CRG Viral Beacon - Warnings
We have defined different filtering approaches according to the data source:
- Regarding assembled genomes from ENA-Consensus, we filtered by collection date between the 1st of January and last data freeze (2020-12-01 00:00). We further filtered by virus name “hCoV-19/..” , host “Human”, and complete sequences, with more than 29.000 nucleotides.

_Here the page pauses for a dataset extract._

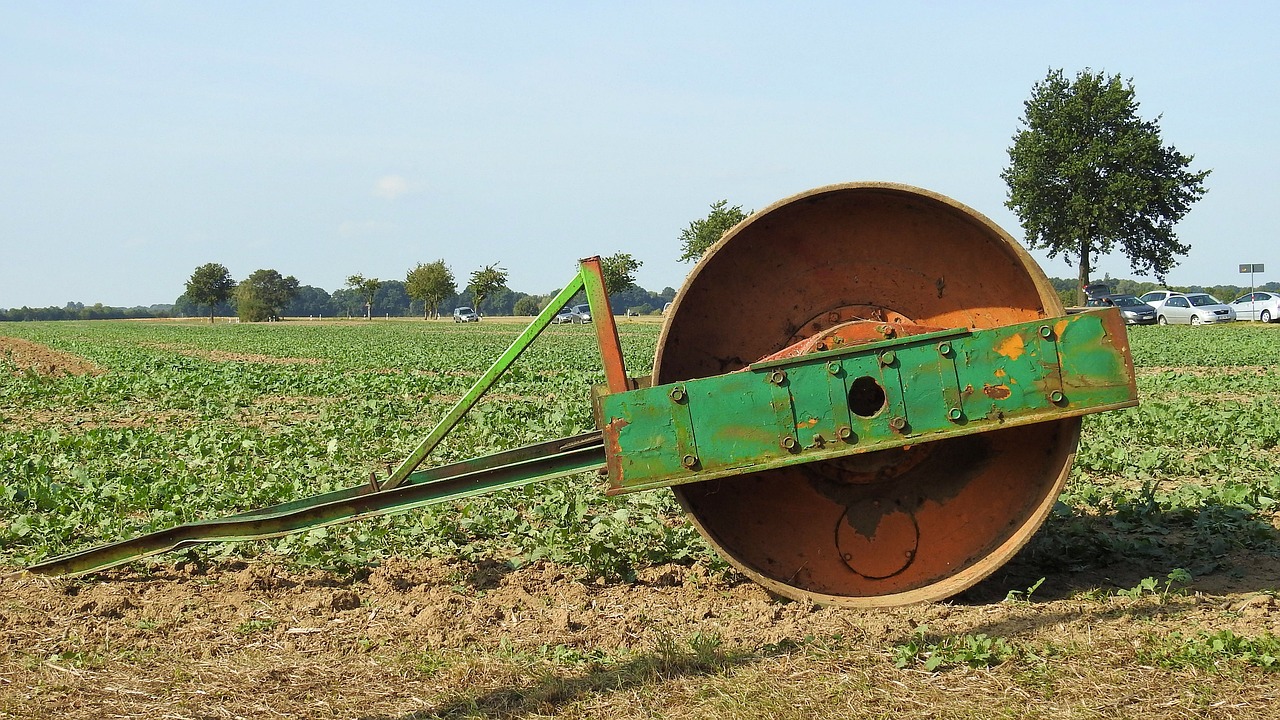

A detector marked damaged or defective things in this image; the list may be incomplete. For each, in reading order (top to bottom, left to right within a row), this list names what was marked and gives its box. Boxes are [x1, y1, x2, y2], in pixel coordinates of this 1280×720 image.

- Nanopore and ENA-Illumina data were filtered by collection date between the 1st of January and 24th of May. We further filtered by organism taxon id: 2697049, and host: Homo sapiens
- In their post processing process, Galaxy pipeline is including only one annotation tag for each of the variants while in some cases we have found more than one annotation for the same variant (multiple annotations in the ENA-Consensus file in the same cds and categorized as “mat_peptide”, in some cases there may be also some overlapping genes). ViralBeacon will include all annotations in the future update.
Nanopore mapping quality
We created density plots with the mapping quality for the ENA-ONT (Oxford Nanopore) dataset. The following plots show the distribution of mapping quality for the 3960 runs available at the data freeze, filtered by PASS (Figure 1) and lowQual (Figure 2). The PASS threshold value was set to MQ with the value of 12 or higher. 27,774 variants were reported with low quality, and removed from the analysis.
ENA-Illumina mapping quality
We also created a density plot with the mapping quality for the ENA-Illumina dataset (Figure 3).
(Positions, etc. that should be masked by user)
These are positions Goldman et al. 2020 recommends to mask. In this Beacon dataset we are not masking these regions, however we want to report them as warnings, here are the positions that are suggested to be masked:
- Genomic positions at the alignment ends affected by low coverage and high rate of apparent sequencing/mapping errors):
- Genomic positions that appear to be highly homoplasic & with no phylogenetic signal and/or low prevalence (probably recurrent artifacts or otherwise hypermutable low-fitness sites):
- 187, 1059, 2094, 3037, 3130, 6990, 8022, 10323, 10741, 11074, 13408, 14786, 19684, 20148, 21137, 24034, 24378, 25563, 26144, 26461, 26681, 28077, 28826, 28854, 29700
- Homoplasic genomic positions that are exclusive to a single sequencing lab or geographic location, regardless of phylogenetic signal (probably occurring as a common source of error):
- 4050, 13402
- Genomic Positions that despite strong phylogenetic signal are also strongly homoplasic (presumptive hypermutability):
- 11083, 15324, 21575
Assemblies ambiguity in ENA-Consensus data
The consensus sequence shows which residues are conserved, and which residues are variable. A consensus is constructed from the most frequent residues at each site (alignment column), so that the total fraction of rows represented by the selected residues in that column reaches at least a specified threshold. IUPAC ambiguity codes (such as R for an A or G nucleotide) are counted as fractional support for each nucleotide in the ambiguity set (A and G, in this case), thus two rows with R are counted the same as one row with A and one row with G. When more than one nucleotide is necessary to reach the desired threshold, this is represented by the best-fit ambiguity symbol in the consensus; for protein sequences, this will always be an X. For example, assume a column contains 6 A’s, 3 G’s and 1 T. If the consensus threshold is set to 60% or below, then the consensus will be A. If the consensus threshold is set to between 60% and 90%, then the consensus will be R. If the consensus threshold is set to over 90%, then the consensus will be D (Table 3).
|M||A or C||K|
|R||A or G||Y|
|W||A or T||W|
|S||C or G||S|
|Y||C or T||R|
|K||G or T||M|
|V||A or C or G||B|
|H||A or C or T||D|
|D||A or G or T||H|
|B||C or G or T||V|
|N||G or A or T or C||N|
Table 3 - IUPAC ambiguity codes, meaning and complement.
We have observed that the genome assemblies for Sars-CoV-2 data contain a large number of ambiguities and the consensus data is reported following IUPAC code.
For the ENA consensus sequences, 57% of the variants called are ambiguous reported in following tables 4, 5 and 6.
|REF||A||C||G||T||Total # of variants|
Table 4 - ENA consensus Spectrum of Mutations values in absolute and percentage values.
Table 5 - ENA consensus sequences Ambiguous and Confident calls.
|Count||70 A>M||223 A>R||42 C>S||977 C>Y||808 G>K||1 A>V||7 A>H||4 A>D||2 C>B|
|78 C>M||171 G>R||102 G>S||355 T>Y||61 T>K||1 C>V||8 C>H||9 G>D||11 G>B|
|-||-||-||-||-||2 G>V||2 T>H||2 T>D||2 T>B|
Table 6 - ENA consensus ambiguity spectrum of mutations absolute values. 3050 variants have been found with ambiguous codes.